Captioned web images
-------
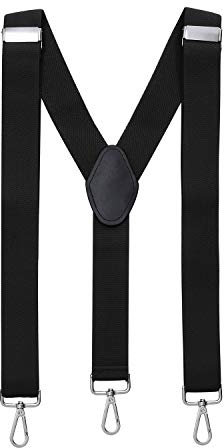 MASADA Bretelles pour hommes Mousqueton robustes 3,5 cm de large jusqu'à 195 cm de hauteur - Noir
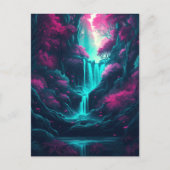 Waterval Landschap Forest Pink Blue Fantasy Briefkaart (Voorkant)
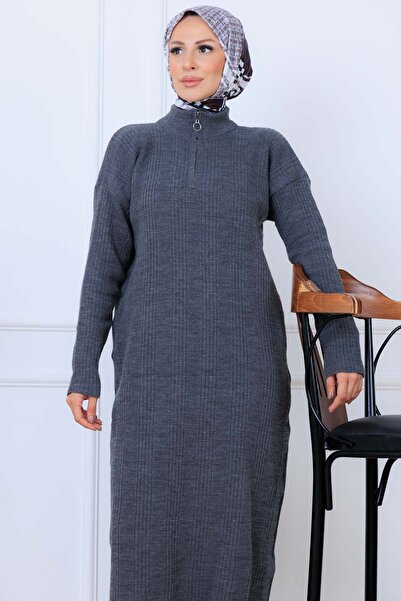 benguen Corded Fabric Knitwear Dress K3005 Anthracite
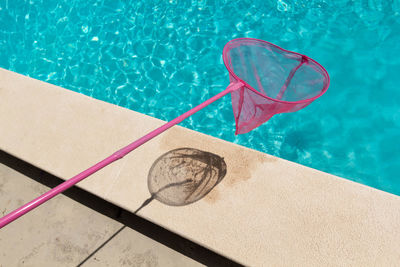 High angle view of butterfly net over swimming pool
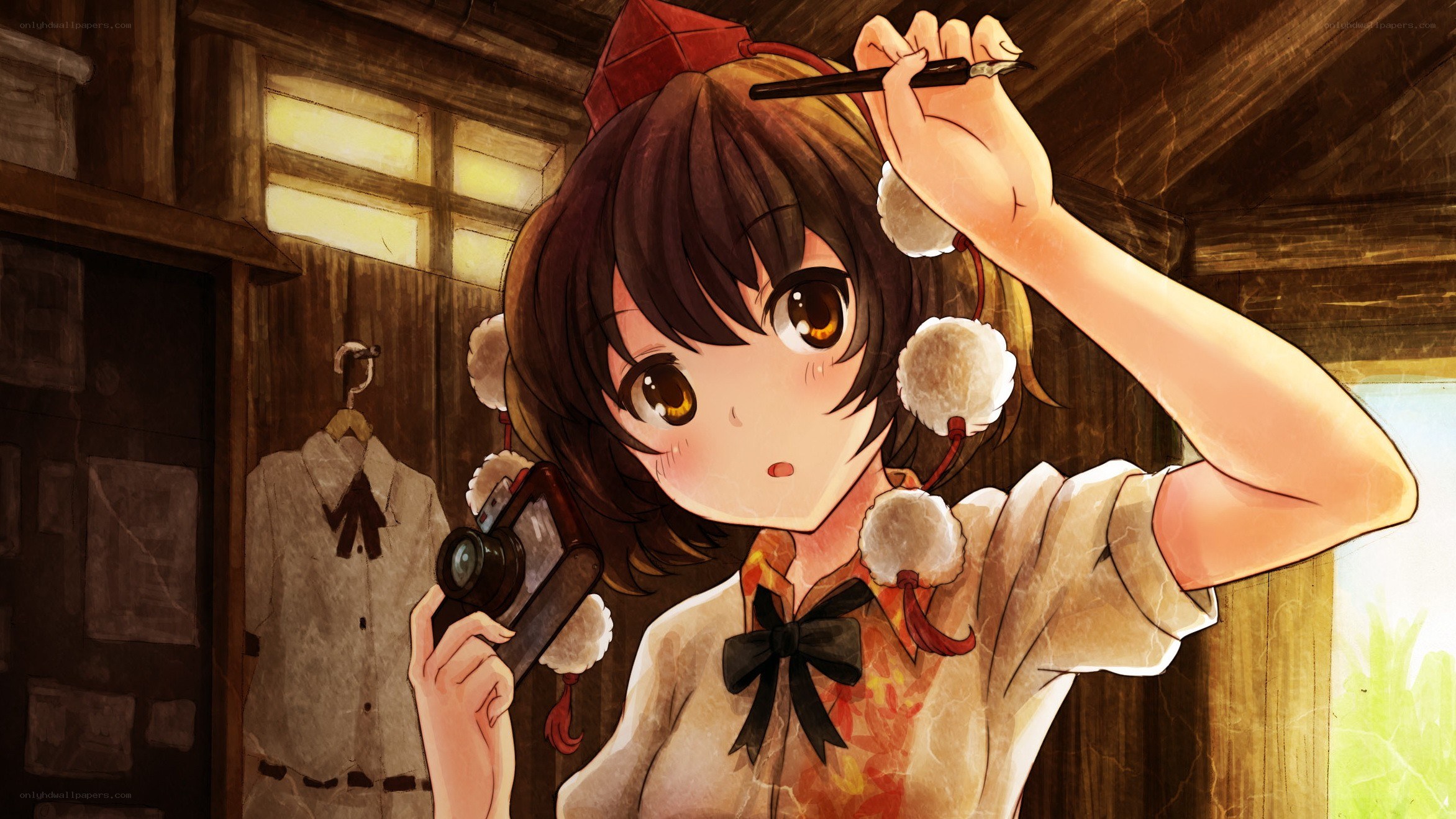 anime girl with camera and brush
-------
**Exercise details**
Treating the line with "High angle view" as the last line to include, retype the records exactly from their first line, excluding pictures.

**Your solution**
 MASADA Bretelles pour hommes Mousqueton robustes 3,5 cm de large jusqu'à 195 cm de hauteur - Noir
 Waterval Landschap Forest Pink Blue Fantasy Briefkaart (Voorkant)
 benguen Corded Fabric Knitwear Dress K3005 Anthracite
 High angle view of butterfly net over swimming pool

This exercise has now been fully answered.